WORK REQUIRED: The reply is to be an exact repetition of the entries that follow, with each picture left out.

EXERCISE INPUT:
——
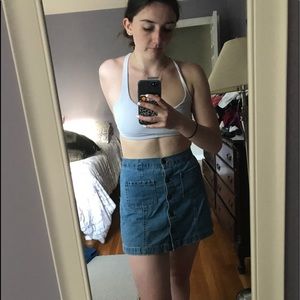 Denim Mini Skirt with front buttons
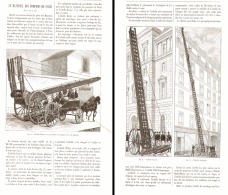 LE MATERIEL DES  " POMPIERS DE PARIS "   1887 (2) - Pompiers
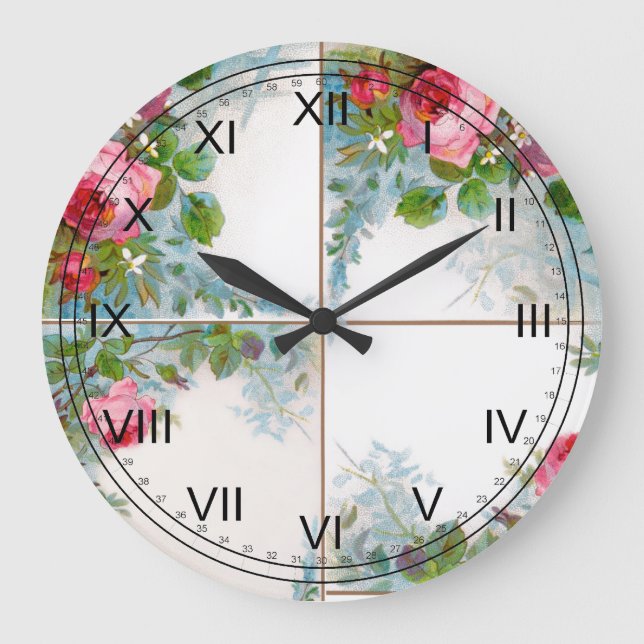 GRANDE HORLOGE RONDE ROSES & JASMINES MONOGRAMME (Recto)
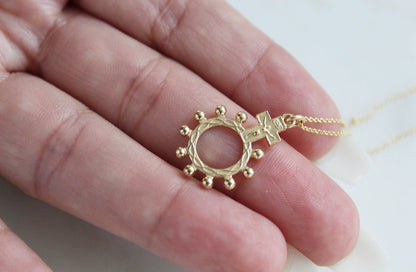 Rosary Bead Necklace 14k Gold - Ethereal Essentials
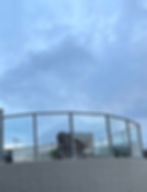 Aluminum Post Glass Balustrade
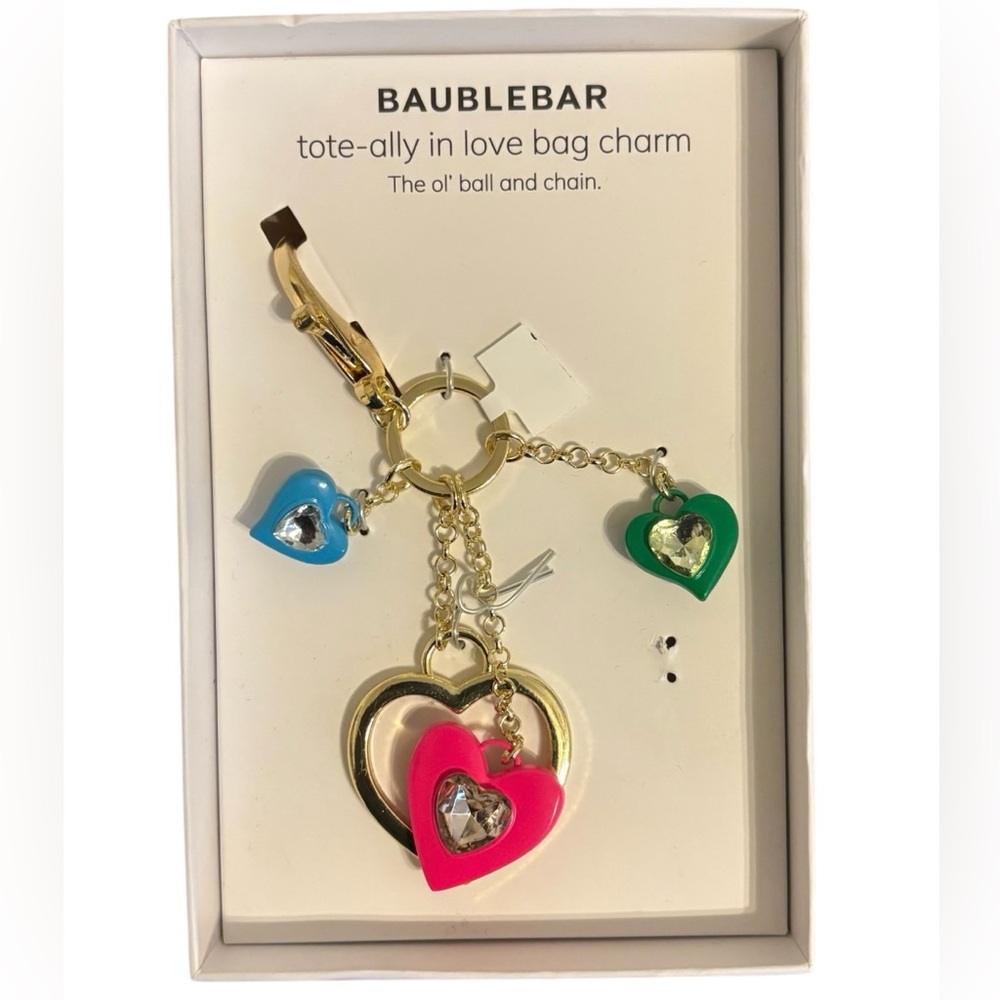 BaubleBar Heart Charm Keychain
——
RESPONSE AREA:
 Denim Mini Skirt with front buttons
 LE MATERIEL DES  " POMPIERS DE PARIS "   1887 (2) - Pompiers
 GRANDE HORLOGE RONDE ROSES & JASMINES MONOGRAMME (Recto)
 Rosary Bead Necklace 14k Gold - Ethereal Essentials
 Aluminum Post Glass Balustrade
 BaubleBar Heart Charm Keychain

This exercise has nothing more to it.